=== Begin Enclosure ===
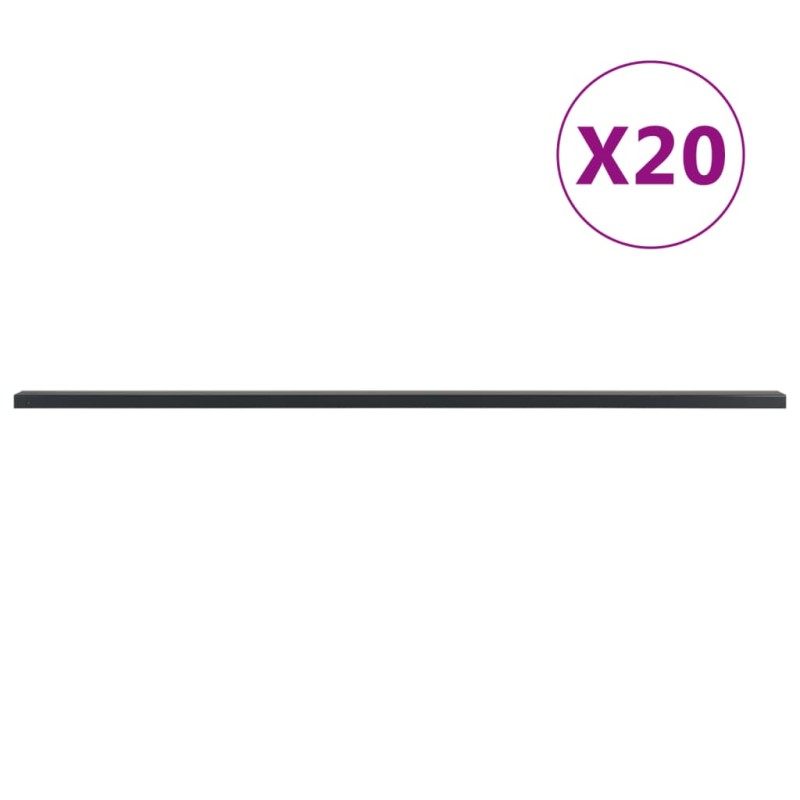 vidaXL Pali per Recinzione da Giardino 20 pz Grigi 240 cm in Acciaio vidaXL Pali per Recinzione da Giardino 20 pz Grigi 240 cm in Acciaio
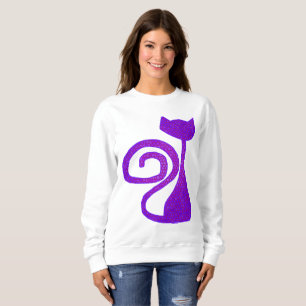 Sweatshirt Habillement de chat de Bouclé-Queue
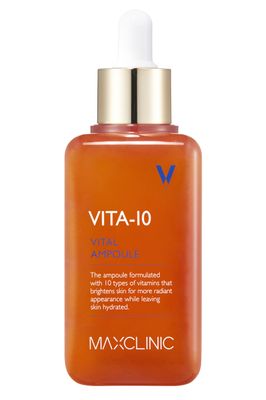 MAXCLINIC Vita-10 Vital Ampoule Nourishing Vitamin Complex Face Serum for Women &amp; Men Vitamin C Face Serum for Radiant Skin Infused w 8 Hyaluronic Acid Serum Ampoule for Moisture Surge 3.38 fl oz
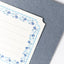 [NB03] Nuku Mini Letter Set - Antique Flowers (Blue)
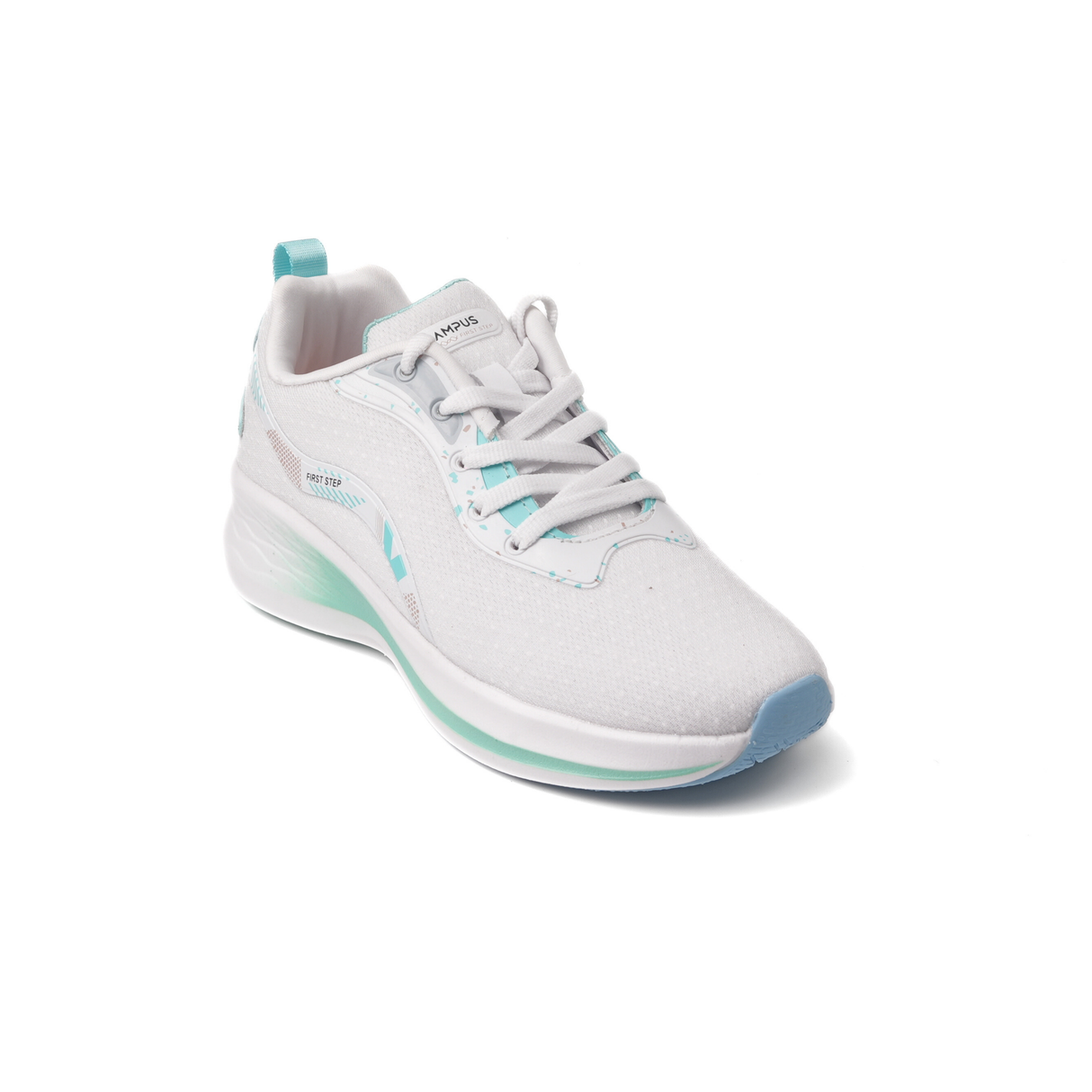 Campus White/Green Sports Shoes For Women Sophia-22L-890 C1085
=== End Enclosure ===
**Work to be completed:**
Beginning at the line with "MAXCLINIC Vita-10 Vital", reproduce each line exactly through the last line of the records above, with pictures left out.

**Written reply:**
 MAXCLINIC Vita-10 Vital Ampoule Nourishing Vitamin Complex Face Serum for Women &amp; Men Vitamin C Face Serum for Radiant Skin Infused w 8 Hyaluronic Acid Serum Ampoule for Moisture Surge 3.38 fl oz
 [NB03] Nuku Mini Letter Set - Antique Flowers (Blue)
 Campus White/Green Sports Shoes For Women Sophia-22L-890 C1085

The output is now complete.